TASK INSTRUCTIONS
When you reach the line containing "TV Cabinet, 190cm" in the entries below, please begin setting down lines exactly, stop only after the last one, and add nothing else.

● ● ● ●

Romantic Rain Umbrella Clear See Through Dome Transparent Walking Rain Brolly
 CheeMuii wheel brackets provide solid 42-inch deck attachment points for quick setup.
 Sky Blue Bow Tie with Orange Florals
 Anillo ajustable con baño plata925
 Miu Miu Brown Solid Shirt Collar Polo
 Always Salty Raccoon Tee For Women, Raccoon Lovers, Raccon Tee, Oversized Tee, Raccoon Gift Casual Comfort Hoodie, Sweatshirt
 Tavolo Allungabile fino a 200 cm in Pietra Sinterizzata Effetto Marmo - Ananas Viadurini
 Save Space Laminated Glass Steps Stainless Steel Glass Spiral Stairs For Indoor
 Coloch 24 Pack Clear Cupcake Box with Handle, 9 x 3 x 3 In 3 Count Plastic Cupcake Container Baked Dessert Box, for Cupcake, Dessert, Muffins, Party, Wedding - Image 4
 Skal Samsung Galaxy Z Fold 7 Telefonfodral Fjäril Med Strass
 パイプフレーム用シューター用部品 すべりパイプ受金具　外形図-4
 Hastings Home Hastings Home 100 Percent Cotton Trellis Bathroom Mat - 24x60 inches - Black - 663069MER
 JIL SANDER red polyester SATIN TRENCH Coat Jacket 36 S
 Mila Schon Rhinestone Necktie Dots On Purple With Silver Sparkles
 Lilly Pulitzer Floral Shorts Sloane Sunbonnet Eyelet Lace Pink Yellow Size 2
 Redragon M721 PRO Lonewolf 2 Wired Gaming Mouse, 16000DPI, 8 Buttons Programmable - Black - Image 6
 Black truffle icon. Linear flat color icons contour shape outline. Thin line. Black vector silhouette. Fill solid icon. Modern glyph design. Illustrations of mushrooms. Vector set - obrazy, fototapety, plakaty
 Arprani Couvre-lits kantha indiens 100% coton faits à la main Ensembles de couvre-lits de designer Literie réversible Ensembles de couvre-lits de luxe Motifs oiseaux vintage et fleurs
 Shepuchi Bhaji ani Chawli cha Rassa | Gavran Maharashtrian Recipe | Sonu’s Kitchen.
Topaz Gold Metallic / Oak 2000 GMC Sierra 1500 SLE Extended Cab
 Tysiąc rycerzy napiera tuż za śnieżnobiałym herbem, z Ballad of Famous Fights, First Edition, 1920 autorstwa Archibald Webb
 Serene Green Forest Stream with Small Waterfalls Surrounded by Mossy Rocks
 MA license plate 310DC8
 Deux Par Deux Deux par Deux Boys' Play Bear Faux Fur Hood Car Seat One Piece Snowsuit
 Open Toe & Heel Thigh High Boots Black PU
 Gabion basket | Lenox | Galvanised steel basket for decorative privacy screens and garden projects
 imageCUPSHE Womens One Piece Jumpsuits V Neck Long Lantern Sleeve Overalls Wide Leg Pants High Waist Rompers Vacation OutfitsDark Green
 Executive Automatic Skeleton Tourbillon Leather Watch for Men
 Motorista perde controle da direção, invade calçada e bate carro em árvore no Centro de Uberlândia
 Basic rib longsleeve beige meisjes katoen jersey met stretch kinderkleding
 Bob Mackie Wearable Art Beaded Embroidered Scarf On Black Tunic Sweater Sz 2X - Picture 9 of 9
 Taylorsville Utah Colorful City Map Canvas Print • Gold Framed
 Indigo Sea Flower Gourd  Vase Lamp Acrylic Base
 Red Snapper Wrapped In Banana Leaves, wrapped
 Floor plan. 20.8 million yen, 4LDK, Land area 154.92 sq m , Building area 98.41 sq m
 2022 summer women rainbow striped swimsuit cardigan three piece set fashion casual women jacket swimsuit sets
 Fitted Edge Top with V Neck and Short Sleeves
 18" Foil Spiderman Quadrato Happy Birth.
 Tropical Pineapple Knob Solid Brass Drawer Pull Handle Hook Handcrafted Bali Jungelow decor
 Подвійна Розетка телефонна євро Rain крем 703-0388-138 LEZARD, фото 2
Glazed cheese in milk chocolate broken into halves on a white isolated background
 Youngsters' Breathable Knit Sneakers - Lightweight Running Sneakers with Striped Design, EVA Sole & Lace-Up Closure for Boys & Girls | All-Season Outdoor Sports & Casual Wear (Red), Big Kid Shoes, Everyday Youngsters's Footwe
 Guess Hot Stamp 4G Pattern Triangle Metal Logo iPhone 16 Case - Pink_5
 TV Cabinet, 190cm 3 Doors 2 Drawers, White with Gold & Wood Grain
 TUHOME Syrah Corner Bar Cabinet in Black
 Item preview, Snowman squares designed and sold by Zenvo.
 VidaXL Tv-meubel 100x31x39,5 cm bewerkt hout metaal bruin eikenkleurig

● ● ● ●

OUTPUT OF THE EXERCISE
 TV Cabinet, 190cm 3 Doors 2 Drawers, White with Gold & Wood Grain
 TUHOME Syrah Corner Bar Cabinet in Black
 Item preview, Snowman squares designed and sold by Zenvo.
 VidaXL Tv-meubel 100x31x39,5 cm bewerkt hout metaal bruin eikenkleurig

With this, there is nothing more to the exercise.